Im Zweifel für das Leben? Oder im Zweifel gegen das Leiden?
Es ist offen, wie nun in letzter Instanz der Bundesgerichtshof entscheiden wird. Das Urteil kann spektakuläre Auswirkungen haben: Gilt – wenn keine Patientenverfügung vorliegt – noch der Grundsatz „In dubio pro vita“, der Grundsatz also, dass dem Schutz des Lebens Vorrang eingeräumt werden muss? Oder gilt bei Schwerstkranken künftig der Grundsatz „In dubio contra vita“, dass also dem Schutz vor weiterem Leiden der Vorrang eingeräumt werden muss? Es stellen sich viele Fragen. Was ist die Pflicht des Arztes, was ist die Pflicht des Betreuers, was die des Sohnes?

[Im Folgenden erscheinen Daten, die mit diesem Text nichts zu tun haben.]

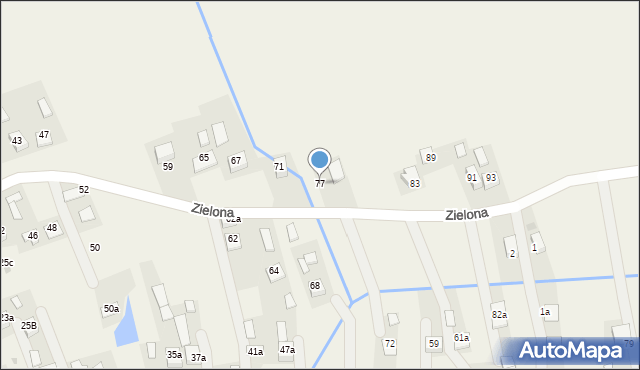 Rzezawa, Zielona, 77, mapa Rzezawa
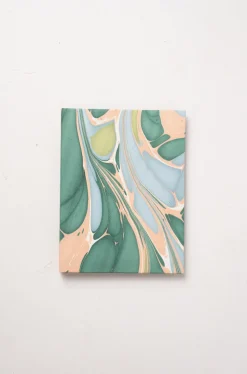 Hand Marbled Picture Frame Folding Book in Green and Pink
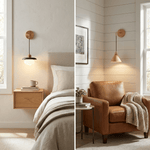 Norvyn Wood Drop Wall Sconce in Brass and Natural Wood
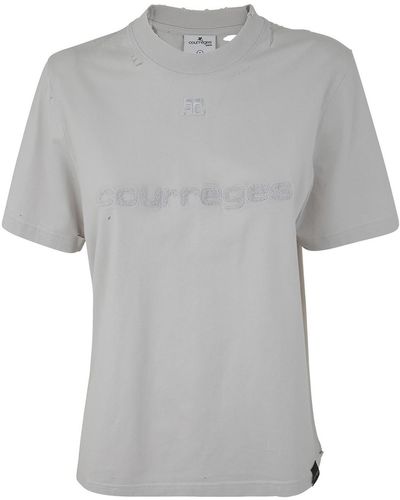 Courreges Distressed Dry Jersey T-shirt - Gray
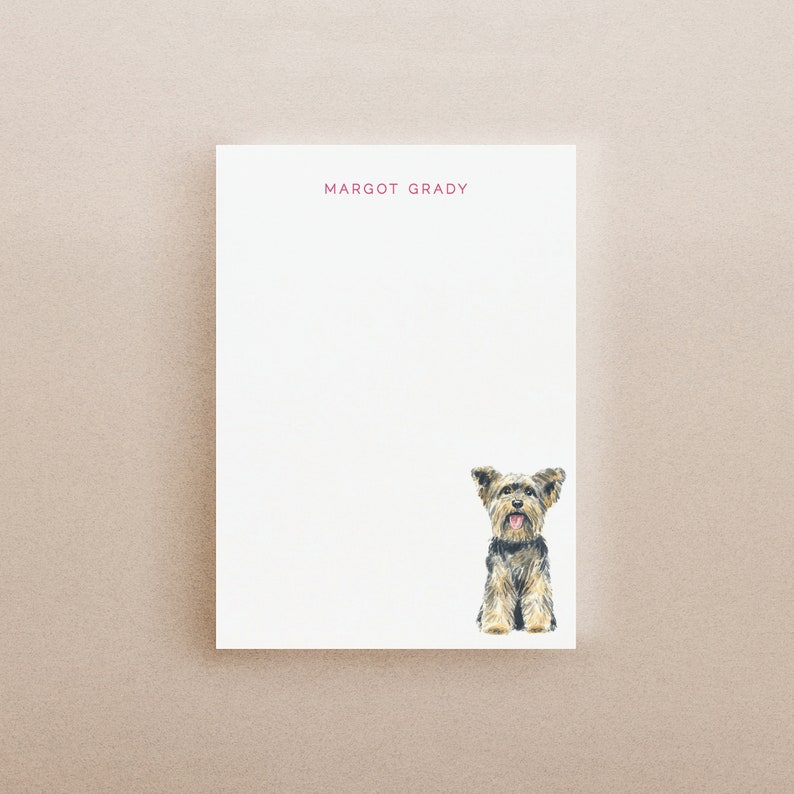 Custom Dog Stationery Notepad, Yorkie Note Pad, Yorkshire Terrier Dog Gift, Dog Scratch Pad, Yorkie Dog Mom Gift, Personalized Gift for Her Bild 6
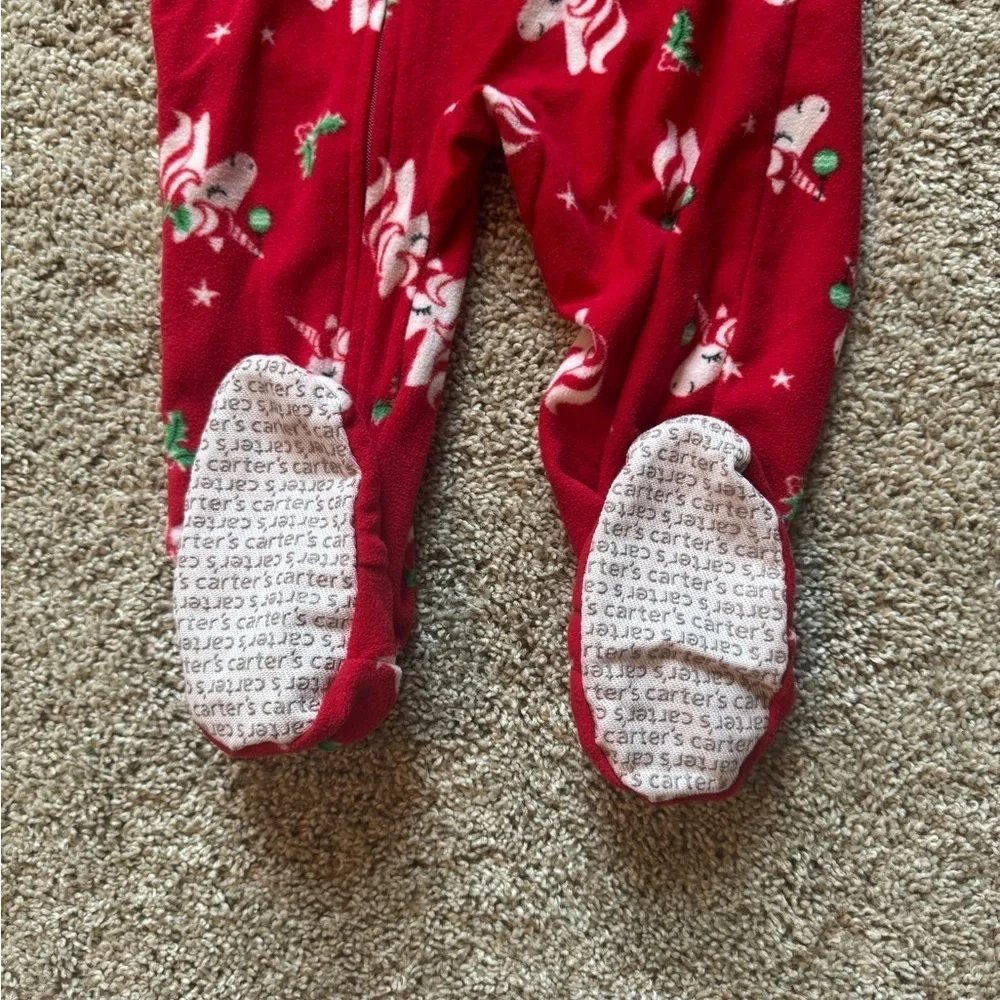 Carter’s Christmas Unicorn Fleece Pajamas Footed pajamas red holiday - 24 Months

Im vorliegenden Fall konnte der Sohn den eigenen Vermögensschaden durch das Weiterleben des Vaters nicht plausibel machen. Aber irgendwen schädigte das Weiterleben des Schwerstkranken ja. Werden also, wenn das Weiterleben an sich einen Schaden darstellt, künftig die Kostenträger klagen? Aber wie pervers wäre das denn, wenn die Pflegekassen vor Gericht ziehen, weil die Sonde nicht früh genug gezogen wurde? Diktiert dann die Ökonomie den Zeitpunkt des Sterbens? Der zu entscheidende Fall schreit: Er schreit jeden Menschen an, eine Patientenverfügung zu schreiben und darin gegebenenfalls zu bestimmen, solche Maßnahmen zu unterlassen, „die nur den Todeseintritt verzögern“.
Der Bundesgerichtshof hat in einem Grundsatzurteil im Jahr 2010 das Selbstbestimmungsrecht des Patienten gestärkt: Seine Einwilligung rechtfertigt sowohl das Unterlassen weiterer lebenserhaltender Maßnahmen als auch die Beendigung einer nicht mehr gewollten Behandlung. Das heißt: Das Recht und die Medizin müssen die Vorbereitungen und die Anordnungen, die der Mensch für sein Sterben getroffen hat, achten und beachten. Jeder Mensch hat am Ende seines Lebens Anspruch auf inneren Frieden.